Former administrative division of Japan

Kakuda Prefecture (角田県), formerly Shiraishi Prefecture, was a prefecture in northern Iwaki Province and later southern Rikuzen Province. It was established in September 1869 (August Meiji 2) by the Meiji government. The jurisdiction corresponded to the current southern part of Miyagi Prefecture and Shinchi of Fukushima Prefecture.

== History ==
At the end of Boshin War, the territory of Sendai Domain was reduced from 620,000 koku to 280,000 koku on 5 February 1869 (24 December Meiji 2). In the following territorial reorganization, the Nanbu clan, which previously ruled Morioka Domain to the north, was relocated to the newly created Iwaki Province. Its new territory, Shiraishi Domain (白石藩), consisted of nine villages in the districts of Katta, Shibata, Igu and Watari.

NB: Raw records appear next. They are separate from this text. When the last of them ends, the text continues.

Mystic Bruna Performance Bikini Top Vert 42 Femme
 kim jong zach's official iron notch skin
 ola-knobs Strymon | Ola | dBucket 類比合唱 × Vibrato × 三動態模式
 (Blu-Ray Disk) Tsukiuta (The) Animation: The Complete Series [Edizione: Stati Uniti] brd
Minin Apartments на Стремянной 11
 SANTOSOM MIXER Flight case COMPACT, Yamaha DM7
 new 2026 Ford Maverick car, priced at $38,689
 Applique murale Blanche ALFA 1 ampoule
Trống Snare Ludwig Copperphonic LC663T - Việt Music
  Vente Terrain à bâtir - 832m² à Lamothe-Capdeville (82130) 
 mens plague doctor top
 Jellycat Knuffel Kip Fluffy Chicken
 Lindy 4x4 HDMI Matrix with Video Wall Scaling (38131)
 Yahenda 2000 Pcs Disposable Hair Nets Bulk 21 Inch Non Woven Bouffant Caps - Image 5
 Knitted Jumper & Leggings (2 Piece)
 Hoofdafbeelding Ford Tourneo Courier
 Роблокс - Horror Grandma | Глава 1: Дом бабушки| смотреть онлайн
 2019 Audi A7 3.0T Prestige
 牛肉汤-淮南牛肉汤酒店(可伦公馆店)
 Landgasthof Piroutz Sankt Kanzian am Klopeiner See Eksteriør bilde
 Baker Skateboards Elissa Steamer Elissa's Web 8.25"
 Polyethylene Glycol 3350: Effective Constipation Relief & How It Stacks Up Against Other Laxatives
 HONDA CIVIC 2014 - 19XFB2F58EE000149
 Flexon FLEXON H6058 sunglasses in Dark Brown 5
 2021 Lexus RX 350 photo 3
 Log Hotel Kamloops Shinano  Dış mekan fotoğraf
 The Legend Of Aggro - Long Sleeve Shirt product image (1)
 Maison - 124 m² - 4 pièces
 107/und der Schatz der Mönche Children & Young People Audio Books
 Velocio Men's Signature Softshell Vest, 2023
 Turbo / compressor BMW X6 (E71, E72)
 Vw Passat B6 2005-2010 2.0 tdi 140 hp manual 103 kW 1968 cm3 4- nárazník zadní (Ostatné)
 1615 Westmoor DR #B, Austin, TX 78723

On September, the Nanbu clan was allowed to return to its former territory on the condition of a payment to the Meiji government. As a result, Shiraishi Domain came under the direct control of the government and became Shiraishi Prefecture. Three months later, the prefectural office was moved to Kakuda, and the prefecture was renamed to Kakuda Prefecture.

On 13 December 1871 (2 November Meiji 4), Kakuda Prefecture was abolished, and its territory was incorporated into Sendai Prefecture (currently Miyagi Prefecture).